WORK ORDER ->
From the line with "this 664×373 image." to the final line of the records, reproduce every line exactly and only those lines.

GIVEN DATA ->

--*--

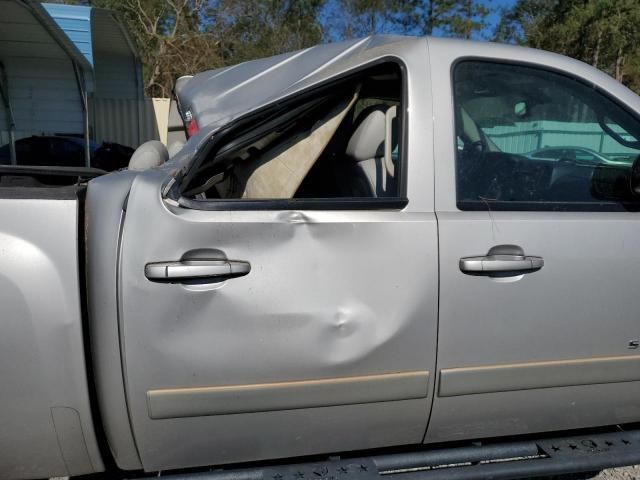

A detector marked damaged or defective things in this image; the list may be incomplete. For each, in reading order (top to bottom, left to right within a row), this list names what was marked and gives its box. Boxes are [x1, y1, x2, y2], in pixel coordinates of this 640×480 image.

dented rear door [117, 171, 440, 470]
dented front door [119, 171, 440, 470]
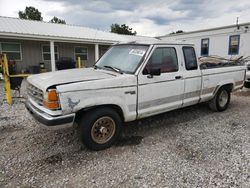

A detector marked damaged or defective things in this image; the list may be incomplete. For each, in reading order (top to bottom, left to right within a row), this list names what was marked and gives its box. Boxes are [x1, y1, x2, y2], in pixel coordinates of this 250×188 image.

rusty wheel rim [91, 116, 116, 144]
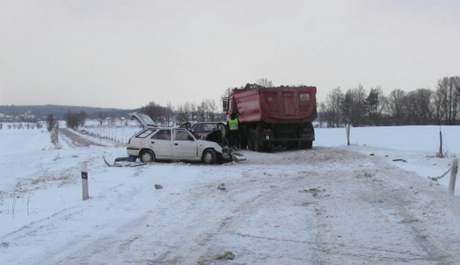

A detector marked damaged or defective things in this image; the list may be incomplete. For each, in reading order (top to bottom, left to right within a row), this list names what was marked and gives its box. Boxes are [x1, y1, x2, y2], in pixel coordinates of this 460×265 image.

damaged white car [126, 127, 232, 163]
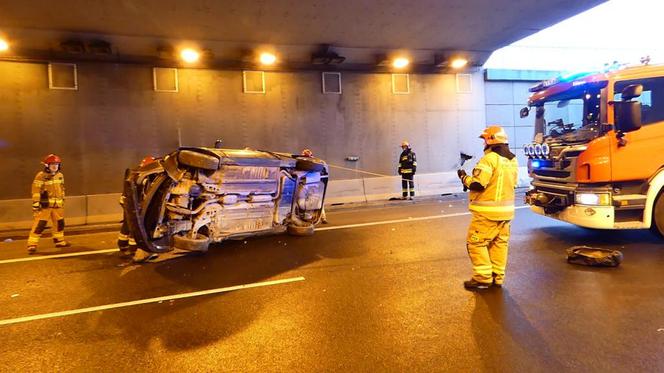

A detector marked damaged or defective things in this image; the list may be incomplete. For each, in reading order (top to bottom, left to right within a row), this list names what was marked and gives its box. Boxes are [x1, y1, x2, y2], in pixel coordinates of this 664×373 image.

overturned car [122, 147, 330, 254]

--*--

RESPONSE AREA ->
A detector marked damaged or defective things in this image; the list may be incomplete. For each, in reading order (top to bottom, left to right within a row), this list names what was marked and gives its box. Boxes are [x1, y1, x2, y2], in pixel coordinates of this 664×373 image.

overturned car [122, 147, 330, 254]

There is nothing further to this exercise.